Oaths and Watchdogs?

So how do we deal with this? In the parlance of Silicon Valley, how do we ensure that these and similar failures are bugs, rather than features of the digital development movement? I’d like to make two suggestions, drawing on various movements underway in the wider realm of digital ethics and accountability.

First, building on reflections and efforts that are already underway (see herehere and here), we need a ‘zeroth principle’ for digital development efforts that sits above all of the above and comes foremost in all our calculations, assessments, designs, plans and interventions. Such a principle needs to be simple and have the quality of a Hippocratic Oath: above all, do no harm. Just like the physicians version, this will be a symbolic and practical attestation to undertake digital development in the best interests of poor and vulnerable people in developing countries. It would also call upon organisations to demonstrate their commitment by being transparent about how they fulfil this principle.

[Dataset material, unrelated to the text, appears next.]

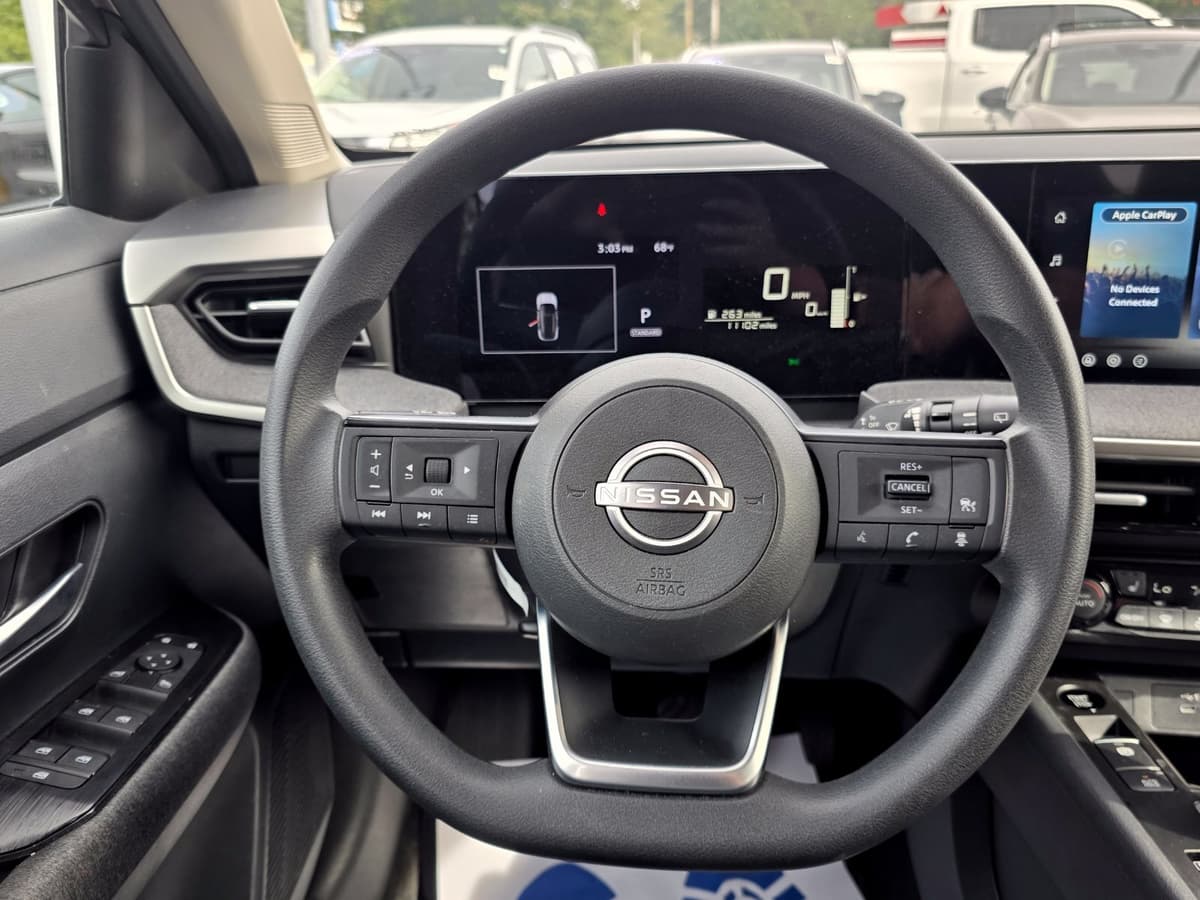 2026 Nissan KICKS 27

Second, to monitor this and the other principles, and to hold efforts to account, we need to add a new kind of digital development role. I see this as a new breed of digital development specialist who works with – and occasionally in spite of – the current bubbling mix of designers, researchers, technologists, facilitators, investors and users. We are going to need more accountability specialists, watchdogs and advocates, who can work to give the principles teeth, to highlight and mitigate the risks of digital development, and to lead much more objective evaluation of digital development efforts, as a complement to the aspirational work already underway on principles. They will need to work to look at specific initiatives, but also take a broader, more systemic, perspective on the pluses and minuses of digital development (IDS has plans in this latter area about which more soon).

These digital development watchdogs, accountability specialists and evaluators are not going to be popular or lauded, in fact they are likely to draw much opprobrium and criticism from many quarters, including from within the development sector. But as long as they do their job correctly and with diligence, such criticisms should be seen as nothing less an indicator of success and a firm endorsement of their value. Different organisations increasingly seem to be picking up on this: Privacy International’s work mentioned above, Amnesty’s new work focusing on technology, Human Rights Watch’s work on digital rights, and the Responsible Data Forum’s work on ethics and practices of data in development.

Without these and similar measures playing a more central role in digital development efforts, the digital development agenda risks moving forward with insufficient reflection on its deeper failures and unintended consequences, and with a worrying degree of naivety about its capture by dominant interests and groups. In short: left unchecked, the dark side will prevail.